Makna mabrur yang merupakan indikator diterimanya ibadah haji berasal kata al-birr, berarti kebaikan. Dalam Al- Qur’an Allah berfirman: ”Kalian belum mencapai kebaikan (al-birr) hingga mampu mendermakan sebagian harta yang kalian cintai.” (QS Ali Imran [3]: 92). Bahkan dalam hadits, Rasulullah ditanya, ”Apa makna mabrur?” Dijawab, ”Suka memberi makan (bantuan sosial) dan lemah lembut dalam bicara.” (HR Ahmad).

Dengan makna tersebut, nampak bahwa mabrur beriorientasi pada kebaikan secara sosial. Kemabruran tidak hanya diukur dari terpenuhinya syarat dan rukun (manasik) haji, namun juga sejauh mana implementasinya secara sosial.

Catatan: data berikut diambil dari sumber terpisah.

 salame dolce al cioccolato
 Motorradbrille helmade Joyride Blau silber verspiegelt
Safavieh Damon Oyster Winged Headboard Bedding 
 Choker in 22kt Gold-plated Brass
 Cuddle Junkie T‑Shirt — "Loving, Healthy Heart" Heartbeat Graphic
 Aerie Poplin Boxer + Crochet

Haji yang mabrur merupakan proses yang tidak terhenti begitu saja saat prosesi haji usai, tapi berlanjut pembuktiannya di masyarakat. Mabrur merupakan cita sosial para haji sepulangnya dari Tanah Suci dalam mengempati, mengemansipasi, dan mengangkat harkat martabat sesama dari kemiskinan, pengangguran, kebodohan, dan keterbelakangan. Dalam konteks inilah orang yang berangkat haji berkali-kali di kala masih banyak tetangga kelaparan sangat bertentangan dengan nilai luhur ajaran Islam dan berarti pula tumpul dalam menghayati cita revolusi sosial ibadah haji.

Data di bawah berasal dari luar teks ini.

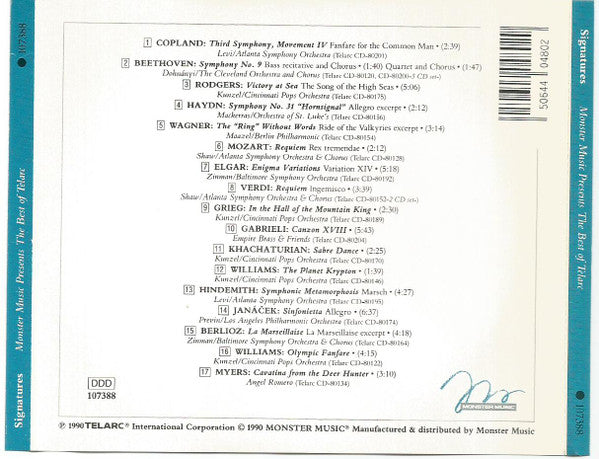 Various : Signatures - Monster Music Presents The Best Of Telarc (Compilation,Stereo)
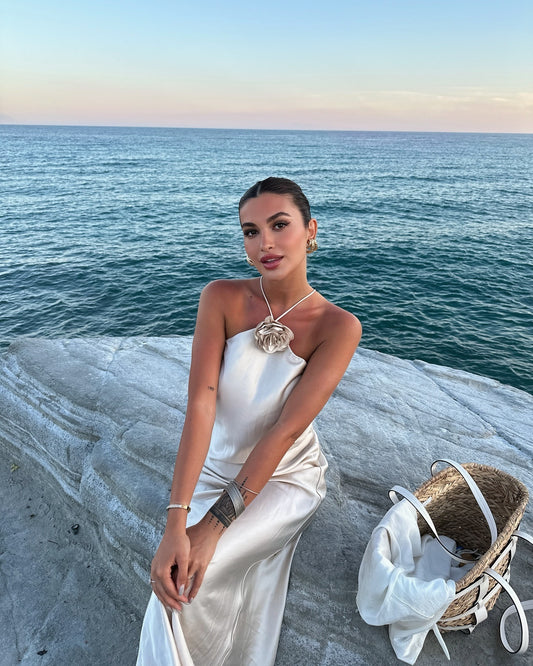 Concorde & Caviar Applique Dress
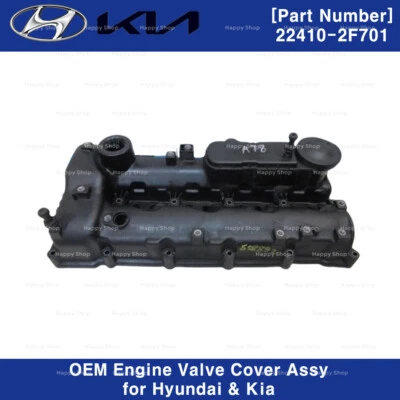 GENUINE OEM Engine Valve Cover Assy 224102F701 for Hyundai Tucson Kia Sportage - Image 1 of 2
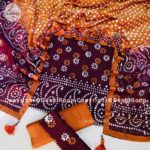 ন্যাচারাল ফ্রাইড কটন বাটিক থ্রি পিস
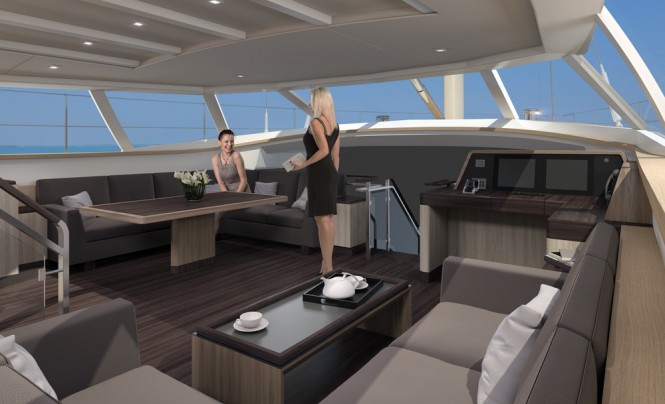 Jongert luxury yacht 3200P - Wheelhouse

Ibadah haji bagi seorang Muslim secara artikulatif mempertemukan kewajiban yang bersifat individu dengan misi sosial. Usai ibadah haji, bukan berarti  usai dalam kewajibannya, bahkan kewajiban lain menanti, yakni pengabdian yang lebih tinggi. Sesuai dengan misi ajaran Islam yang paripurna, yaitu bersifat vertikal dan horizontal, maka mentalitas ke-mabrur-an dalam haji pun mesti terkomunikasikan baik vertikal, dengan semakin commited terhadap perintah Allah melalui ibadah (al-mahdhah), juga secara sosial dalam pergaulan hidup bermasyarakat (ghair al-mahdhah).

Secara individual, ibadah haji adalah perjalanan manusia untuk kembali kepada fitrah kemanusiaannya. Kehidupan dunia ini telah melemparkan kita dari fitrah kemanusiaan. Kita telah menjadi makhluk yang rendah. Alih-alih menjadi khalifah Allah, manusia justru menjadi binatang.

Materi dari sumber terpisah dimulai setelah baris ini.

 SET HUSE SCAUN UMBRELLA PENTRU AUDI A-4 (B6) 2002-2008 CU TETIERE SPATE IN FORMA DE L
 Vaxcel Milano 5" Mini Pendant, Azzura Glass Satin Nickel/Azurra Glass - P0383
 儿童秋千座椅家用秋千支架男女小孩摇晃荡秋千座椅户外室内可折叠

Ibadah haji adalah ajang bagi seorang Muslim untuk menempa tanggung jawab keumatan kelak sepulangnya dari tanah suci. Para haji berikutnya dituntut mempersiapkan diri untuk mengejawantahkan nilai-nilai sosio-spiritual haji sebagaimana yang ia peroleh saat melaksanakan manasik haji.

Haji. (blogspot.com)

Setibanya di tanah air, sejatinya sebagai duta umat dan bangsa, para haji harus bersiap diri untuk kembali berbaur dengan berbagai problematika keumatan dan secara aktif turut memberikan solusi pemecahannya. Para haji dituntut untuk turut serta ambil bagian dalam pemberdayaan umat baik di bidang hukum, ekonomi, pendidikan, politik maupun budaya. Sebab, pada umumnya para haji  tergolong kelas masyarakat menengah ke atas, maka sepulangnya dari tanah suci, ia akan semakin dermawan untuk menafkahkan sebahagiaan hartanya di jalan Allah.

Berangkat haji setiap tahun sah-sah saja bila ada kelebihan materi. Namun akan lebih produktif jika kelebihan itu dialokasikan membantu orang miskin, menyantuni anak yatim, memberi beasiswa pendidikan, menciptakan lapangan kerja, dan sebagainya.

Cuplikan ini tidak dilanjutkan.